The symbol table must contain type declarations (ie. typedefs), variable declarations, constant declarations, and function signatures. That is, it should map strings (names) into symbols, where a symbol is:
typedef struct symbol {
enum { type_decl, var_decl, const_decl, func_decl } tag;
union { type* type_declaration;
type* variable_declaration;
struct { type* const_type;
ast* const_value; } constant_declaration;
struct { type* result_type;
type_list* parameters; } function_signature;
} body;
} symbol;
typedef struct type_list { type* elem; struct type_list* next; } type_list;
If we use the hash table with chaining implementation, the symbol
table symbol_table would look like this:
typedef struct element { string key;
symbol* binding;
struct element* next; } element;
element* symbol_table [SIZE];
Recall that the symbol table should support the following operations:
insert ( string key, symbol* binding ) symbol* lookup ( string key ) begin_scope () end_scope ()
The typechecking function may have the following signature:
type* typecheck ( ast* exp );
That is, it returns the type of the expression exp. The
function typecheck must be recursive since the AST structure is
recursive. In fact, this function is a tree traversals that checks
each node of the AST tree recursively.
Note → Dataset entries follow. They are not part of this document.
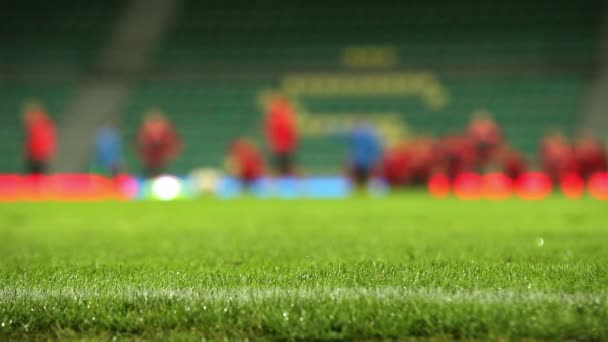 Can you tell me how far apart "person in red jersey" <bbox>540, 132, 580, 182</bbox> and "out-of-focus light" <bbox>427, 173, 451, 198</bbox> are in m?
2.10

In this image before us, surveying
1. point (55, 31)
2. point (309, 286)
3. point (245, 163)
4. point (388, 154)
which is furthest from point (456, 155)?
point (309, 286)

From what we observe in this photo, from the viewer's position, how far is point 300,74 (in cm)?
2356

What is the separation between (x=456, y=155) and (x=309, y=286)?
562 inches

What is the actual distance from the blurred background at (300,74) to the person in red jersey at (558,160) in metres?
3.41

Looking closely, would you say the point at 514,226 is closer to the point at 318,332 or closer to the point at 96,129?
the point at 318,332

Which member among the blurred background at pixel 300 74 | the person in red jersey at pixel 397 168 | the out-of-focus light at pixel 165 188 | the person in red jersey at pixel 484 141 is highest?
the blurred background at pixel 300 74

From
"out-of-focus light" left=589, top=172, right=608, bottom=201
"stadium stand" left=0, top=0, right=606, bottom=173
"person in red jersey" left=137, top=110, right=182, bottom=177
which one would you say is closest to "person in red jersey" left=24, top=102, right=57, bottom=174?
"person in red jersey" left=137, top=110, right=182, bottom=177

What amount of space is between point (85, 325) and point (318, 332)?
2.26 ft

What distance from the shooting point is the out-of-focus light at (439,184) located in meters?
16.8

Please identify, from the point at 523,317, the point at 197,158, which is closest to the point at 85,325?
the point at 523,317

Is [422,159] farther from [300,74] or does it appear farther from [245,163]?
[300,74]

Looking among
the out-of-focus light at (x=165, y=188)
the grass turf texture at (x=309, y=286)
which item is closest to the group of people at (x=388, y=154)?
the out-of-focus light at (x=165, y=188)

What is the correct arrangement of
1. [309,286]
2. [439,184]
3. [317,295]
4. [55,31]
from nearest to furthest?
[317,295]
[309,286]
[439,184]
[55,31]

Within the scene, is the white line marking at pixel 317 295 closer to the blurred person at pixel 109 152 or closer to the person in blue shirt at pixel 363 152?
the person in blue shirt at pixel 363 152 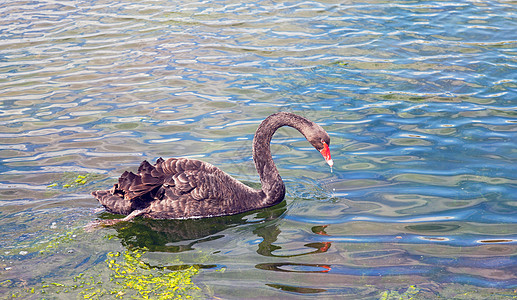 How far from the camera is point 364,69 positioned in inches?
400

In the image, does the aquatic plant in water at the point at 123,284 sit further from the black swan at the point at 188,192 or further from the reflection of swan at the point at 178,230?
the black swan at the point at 188,192

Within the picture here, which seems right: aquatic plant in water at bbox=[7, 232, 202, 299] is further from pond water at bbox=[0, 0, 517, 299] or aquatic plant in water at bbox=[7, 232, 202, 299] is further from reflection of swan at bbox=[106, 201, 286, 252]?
reflection of swan at bbox=[106, 201, 286, 252]

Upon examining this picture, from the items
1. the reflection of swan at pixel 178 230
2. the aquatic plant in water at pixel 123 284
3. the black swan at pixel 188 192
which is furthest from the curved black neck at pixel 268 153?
the aquatic plant in water at pixel 123 284

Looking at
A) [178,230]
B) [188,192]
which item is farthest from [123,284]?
[188,192]

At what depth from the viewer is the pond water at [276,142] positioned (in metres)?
5.17

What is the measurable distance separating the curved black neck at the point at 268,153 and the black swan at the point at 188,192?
1cm

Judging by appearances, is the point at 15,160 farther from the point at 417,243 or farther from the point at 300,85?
the point at 417,243

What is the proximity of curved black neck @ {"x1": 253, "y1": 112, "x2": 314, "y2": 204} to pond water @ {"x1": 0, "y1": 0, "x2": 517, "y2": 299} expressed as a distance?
22 cm

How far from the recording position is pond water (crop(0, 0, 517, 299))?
517cm

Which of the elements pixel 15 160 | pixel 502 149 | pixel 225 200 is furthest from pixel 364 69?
pixel 15 160

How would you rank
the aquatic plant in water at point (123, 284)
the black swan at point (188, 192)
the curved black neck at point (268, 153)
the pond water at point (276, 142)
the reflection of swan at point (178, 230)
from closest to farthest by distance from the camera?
the aquatic plant in water at point (123, 284)
the pond water at point (276, 142)
the reflection of swan at point (178, 230)
the black swan at point (188, 192)
the curved black neck at point (268, 153)

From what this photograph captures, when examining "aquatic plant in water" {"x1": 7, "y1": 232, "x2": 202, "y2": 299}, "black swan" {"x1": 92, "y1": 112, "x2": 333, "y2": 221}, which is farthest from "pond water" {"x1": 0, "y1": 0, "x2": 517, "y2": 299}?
"black swan" {"x1": 92, "y1": 112, "x2": 333, "y2": 221}

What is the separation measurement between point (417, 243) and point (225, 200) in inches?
80.4

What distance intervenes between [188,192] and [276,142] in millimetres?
2225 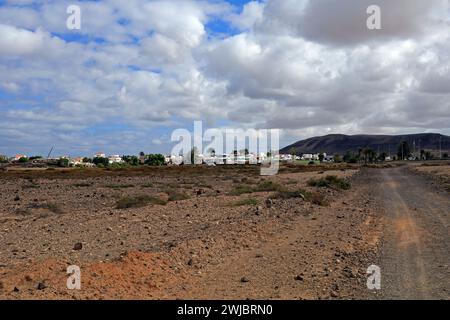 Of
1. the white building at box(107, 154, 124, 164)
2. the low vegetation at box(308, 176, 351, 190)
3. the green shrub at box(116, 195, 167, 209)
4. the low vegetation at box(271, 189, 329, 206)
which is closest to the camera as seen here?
the green shrub at box(116, 195, 167, 209)

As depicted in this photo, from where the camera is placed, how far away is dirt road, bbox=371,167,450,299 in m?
7.64

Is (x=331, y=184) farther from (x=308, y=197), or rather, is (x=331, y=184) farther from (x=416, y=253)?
(x=416, y=253)

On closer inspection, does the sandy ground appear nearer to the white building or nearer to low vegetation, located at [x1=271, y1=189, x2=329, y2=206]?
low vegetation, located at [x1=271, y1=189, x2=329, y2=206]

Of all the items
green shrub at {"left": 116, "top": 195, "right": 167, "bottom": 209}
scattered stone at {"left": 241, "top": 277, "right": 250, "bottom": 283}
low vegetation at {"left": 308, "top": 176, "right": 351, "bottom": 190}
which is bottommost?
scattered stone at {"left": 241, "top": 277, "right": 250, "bottom": 283}

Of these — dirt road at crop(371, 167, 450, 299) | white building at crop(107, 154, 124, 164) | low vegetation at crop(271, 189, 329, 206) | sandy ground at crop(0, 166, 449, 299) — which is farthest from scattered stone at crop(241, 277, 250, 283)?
white building at crop(107, 154, 124, 164)

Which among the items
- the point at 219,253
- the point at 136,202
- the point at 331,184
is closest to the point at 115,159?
the point at 331,184

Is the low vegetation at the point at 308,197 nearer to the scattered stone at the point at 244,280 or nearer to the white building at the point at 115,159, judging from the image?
the scattered stone at the point at 244,280

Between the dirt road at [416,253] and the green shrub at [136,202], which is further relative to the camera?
the green shrub at [136,202]

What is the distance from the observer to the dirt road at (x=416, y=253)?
25.1ft

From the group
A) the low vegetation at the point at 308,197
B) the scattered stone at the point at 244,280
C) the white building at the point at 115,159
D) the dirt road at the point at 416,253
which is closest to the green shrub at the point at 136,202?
the low vegetation at the point at 308,197

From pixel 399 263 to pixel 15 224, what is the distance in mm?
11338

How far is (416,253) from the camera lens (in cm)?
1060

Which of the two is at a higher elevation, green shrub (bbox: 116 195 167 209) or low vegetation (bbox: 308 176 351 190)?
low vegetation (bbox: 308 176 351 190) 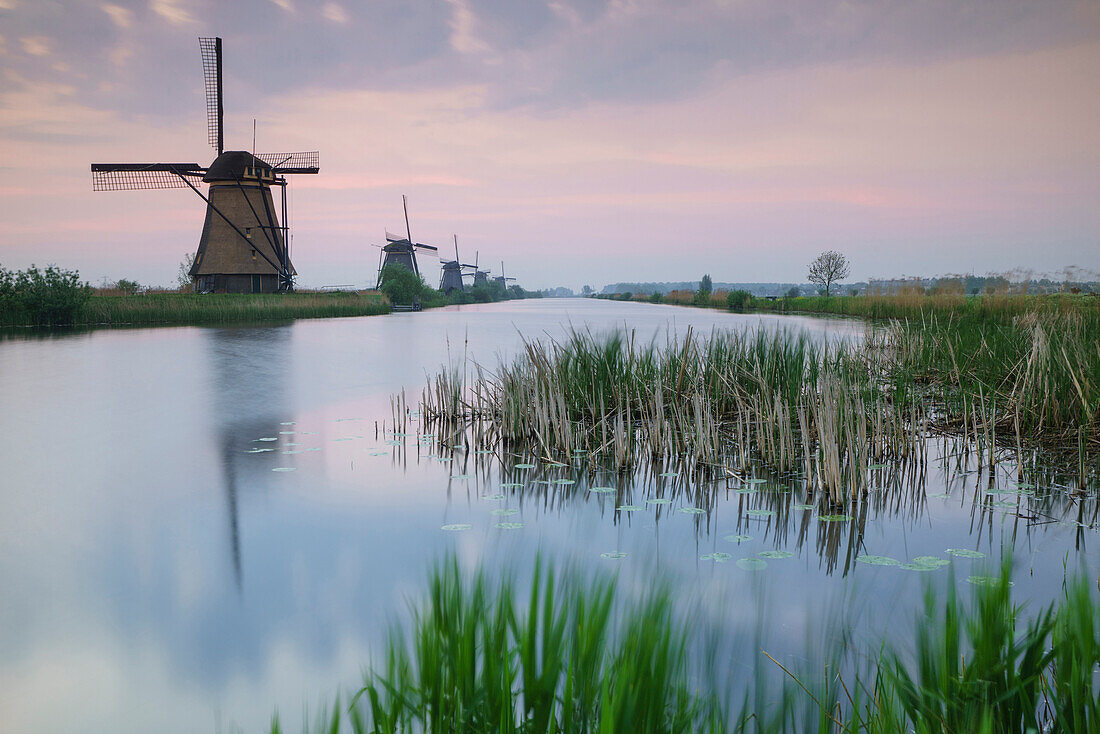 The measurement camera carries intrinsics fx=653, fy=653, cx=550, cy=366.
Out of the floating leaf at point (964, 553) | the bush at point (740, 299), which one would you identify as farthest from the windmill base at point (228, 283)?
the floating leaf at point (964, 553)

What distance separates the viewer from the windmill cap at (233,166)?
32594 mm

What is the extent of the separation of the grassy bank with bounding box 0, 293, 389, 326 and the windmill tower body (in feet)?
6.12

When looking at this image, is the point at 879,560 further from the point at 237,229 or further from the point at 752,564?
the point at 237,229

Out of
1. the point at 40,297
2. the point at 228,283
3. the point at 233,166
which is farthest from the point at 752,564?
the point at 233,166

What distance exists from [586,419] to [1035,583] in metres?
3.99

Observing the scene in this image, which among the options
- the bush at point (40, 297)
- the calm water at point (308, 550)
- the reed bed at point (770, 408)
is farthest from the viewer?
the bush at point (40, 297)

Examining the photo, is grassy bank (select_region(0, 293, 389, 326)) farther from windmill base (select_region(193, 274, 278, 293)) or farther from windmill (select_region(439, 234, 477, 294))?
windmill (select_region(439, 234, 477, 294))

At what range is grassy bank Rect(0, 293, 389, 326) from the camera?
27.0 meters

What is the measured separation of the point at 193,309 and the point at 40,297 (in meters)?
5.80

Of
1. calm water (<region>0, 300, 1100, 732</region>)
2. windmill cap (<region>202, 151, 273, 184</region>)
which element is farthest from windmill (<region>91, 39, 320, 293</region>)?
calm water (<region>0, 300, 1100, 732</region>)

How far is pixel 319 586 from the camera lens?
3.75 metres

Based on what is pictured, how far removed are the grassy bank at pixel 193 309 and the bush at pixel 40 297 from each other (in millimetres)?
323

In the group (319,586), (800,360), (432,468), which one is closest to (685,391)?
(800,360)

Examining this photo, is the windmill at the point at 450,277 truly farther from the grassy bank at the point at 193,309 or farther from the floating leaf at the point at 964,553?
the floating leaf at the point at 964,553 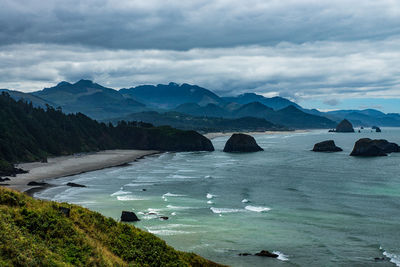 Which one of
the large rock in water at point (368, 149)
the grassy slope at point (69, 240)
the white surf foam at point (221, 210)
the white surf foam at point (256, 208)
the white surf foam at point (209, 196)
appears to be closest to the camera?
the grassy slope at point (69, 240)

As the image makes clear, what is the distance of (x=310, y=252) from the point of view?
135ft

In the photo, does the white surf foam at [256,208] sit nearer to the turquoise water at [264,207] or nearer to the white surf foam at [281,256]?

The body of the typechecker
may look like this:
type* typecheck ( ast* exp ) {
switch ( exp->tag ) {
case int_exp: return make_int_type();
case true_exp: return make_bool_type();
case false_exp: return make_bool_type();
case variable_exp: {
symbol* vdecl = lookup(exp->variable);
if (vdecl == NULL)
error("undefined variable");
else if (vdecl->tag != var_decl)
error("this name is not a variable name");
else return vdecl->body.variable_declaration;
};
case binary_op: {
type* left = typecheck(exp->op.binary.left);
type* right = typecheck(exp->op.binary.right);
switch ( exp->op.binary.oper ) {
case "+": if (left->tag == int_type && right->tag == int_type)
return make_int_type();
else error("expected integers in addition");
...
}
};
case function_call: {
symbol* fdecl = lookup(exp->op.call.name,venv);
if (fdecl == NULL)
error("undefined function");
else if (fdecl->tag != func_decl)
error("this name is not a function name");
type_list* s = fdecl->body.function_signature.parameters;
for(ast_list* r = exp->op.call.arguments; r != NULL && s != NULL;
r=r->next, s=s->next)
if (!equal_types(s->elem,typecheck(r->elem)))
error("wrong type of the argument in function call")
if (r != NULL || s != NULL)
error("wrong number of parameters");
return fdecl->body.function_signature.result_type;
};
...
}
}
where equal_types(x,y) checks the types x and y
for equality. We have two types of type equality: type equality based
on type name equivalence, or based on structural equivalence. For
example, if we have defined T to be a synonym for the type
int and have declared the variable x to be of type
T, then using the first type of equality, x+1 will cause a
type error (since T and int are different names), while
using the second equality, it will be correct.
Note also that since most realistic languages support many binary and unary operators, it will be very tedious to hardwire their typechecking into the typechecker using code. Instead, we can use another symbol table to hold all operators (as well as all the system functions) along with their signatures. This also makes the typechecker easy to change.